Then I got to raising rabbits and built quite a hutch out back of the barn. . . . Come Friday night, after the pigeons came in, if there were squabs up there, I’d get the squabs and a bucket of boiling water, and I’d snap their heads off and clean them. I’d kill four or five young rabbits, skin them and clean them. Then I’d take a market basket and go out the next day beating on doors, and I never failed to sell all the squabs and rabbits I had in the basket. I built up a little business.40

In March 1923 the Reagans moved to a smaller house on the North Side, where the brothers had to sleep on an enclosed porch but could attend the academically superior North Dixon High School.41 The Rock River divided Dixon socially as well as geographically. Downtown was on the South Side, as were the factories and the working-class Irish Catholic neighborhoods. The North Side was a little leafier, a little wealthier, more Protestant—“the sissies’ part of town,” as Neil put it. He refused to switch from South Dixon High School, at which he had started the previous fall, preferring to trek across the bridge every morning and afternoon.42 From then on, the Rock River also came to symbolize the division in the Reagan family.

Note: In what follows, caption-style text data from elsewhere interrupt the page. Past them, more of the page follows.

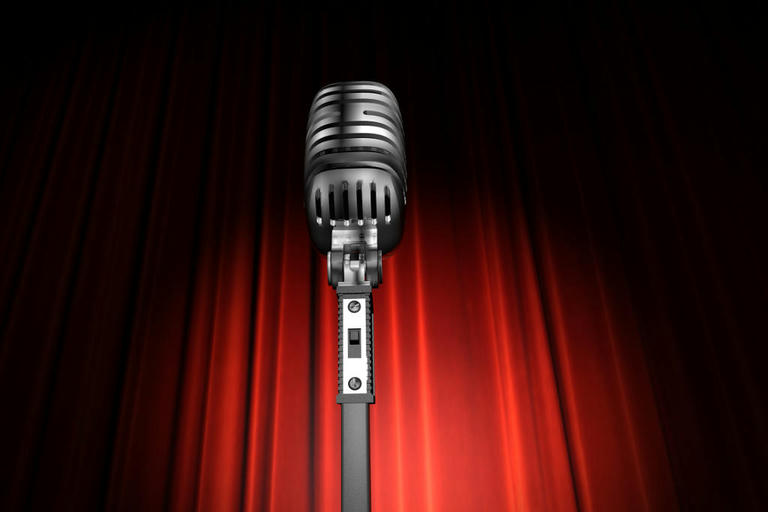 The 5 Great Comedy Festivals of the World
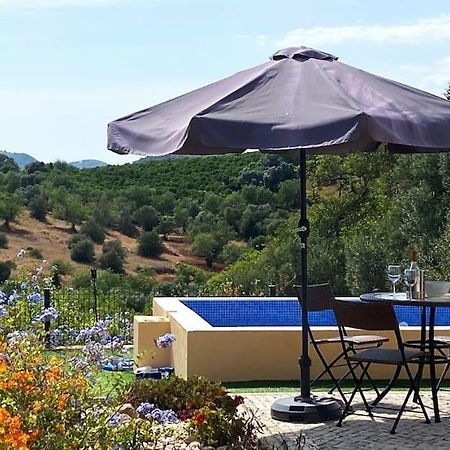 Luxury Holiday Escape In The Countryside Tavira Eksteriør bilde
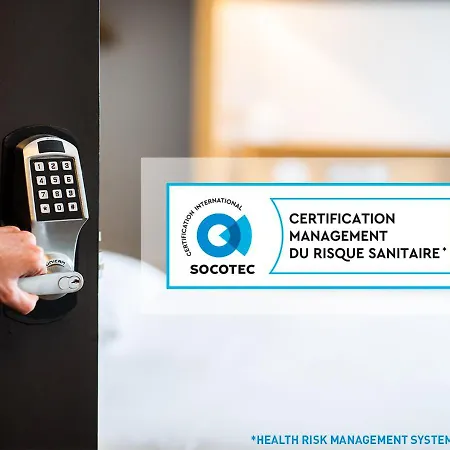 호텔 Bordeaux Sur 브뤼헤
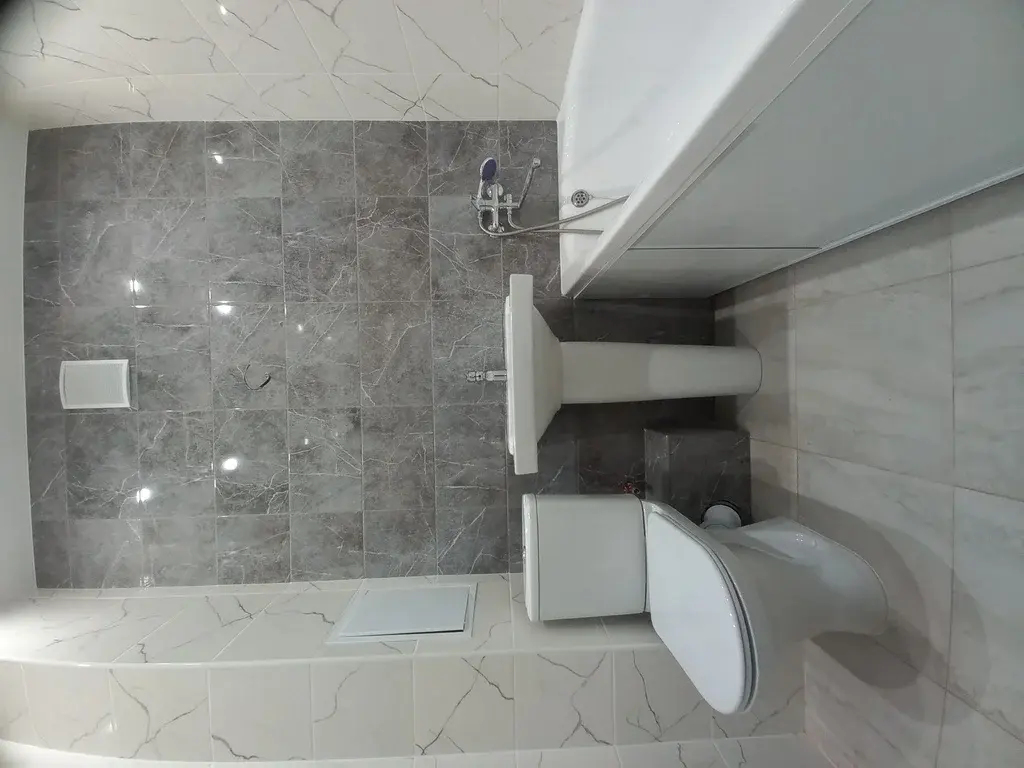 Сдается 1-к.ев. ЖК Семейный по ул. Натальи Лавровой 20, 4эт/12эт/к. - Фото 18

On one side were Jack and Neil, on the other Nelle and Ronald. In talking about his father with a Saturday Evening Post writer in 1974, Ronald Reagan said, “There was never any buddy-buddy relationship, because of either fear or self-consciousness.”43 While Neil frequented Red Vail’s pool hall on the South Side with his friends, the sons of firemen and factory workers, Ronald was home taking elocution lessons from Nelle.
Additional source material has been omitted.